● TASK
Give back the data below word for word. Any image in it should be left out.
[RECORDED DATA]
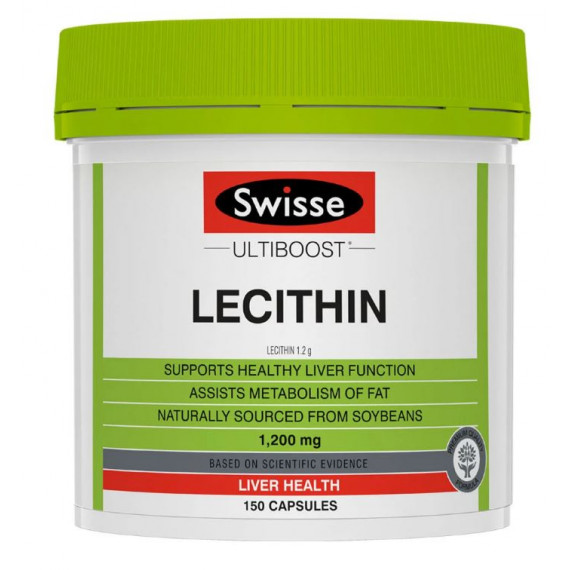 Swisse Ultiboost Lecithin 150 Capsules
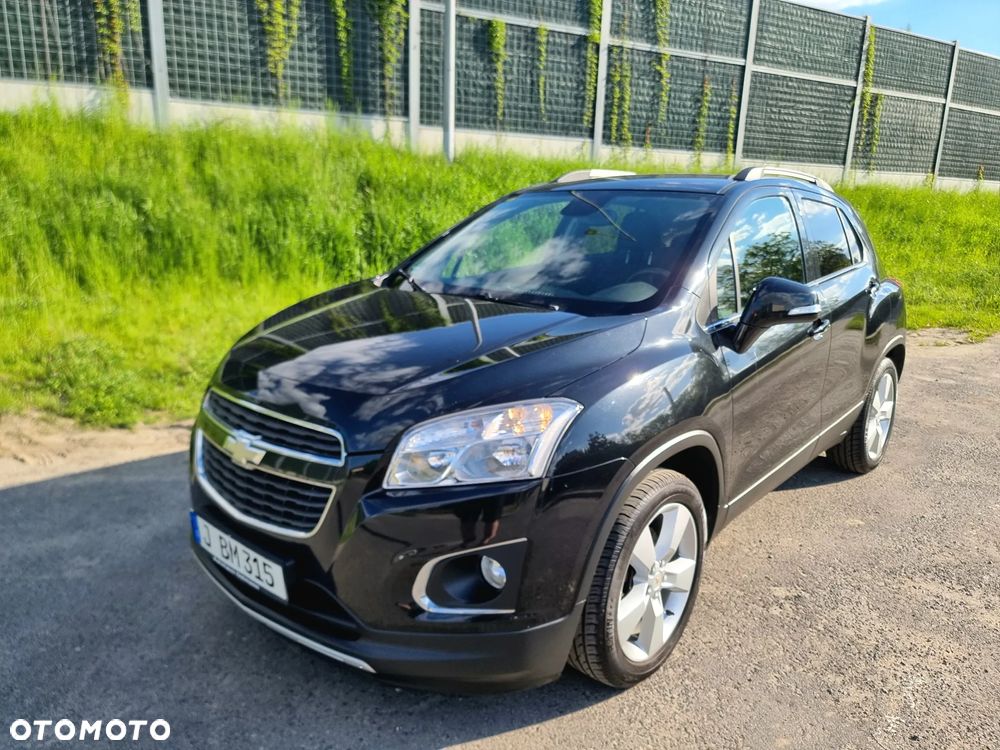 Chevrolet Trax 1.4T AWD LS - 1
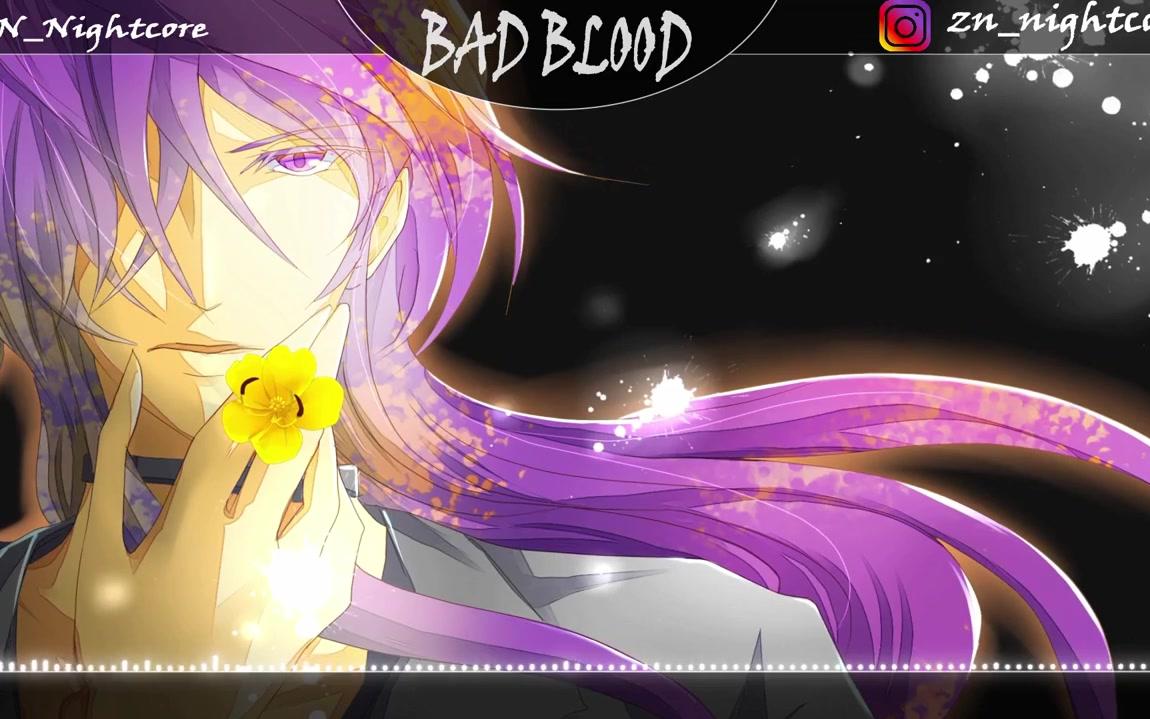 神威gakupocoverbadblood78nightcore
[/RECORDED DATA]
● RESPONSE
 Swisse Ultiboost Lecithin 150 Capsules
 Chevrolet Trax 1.4T AWD LS - 1
 神威gakupocoverbadblood78nightcore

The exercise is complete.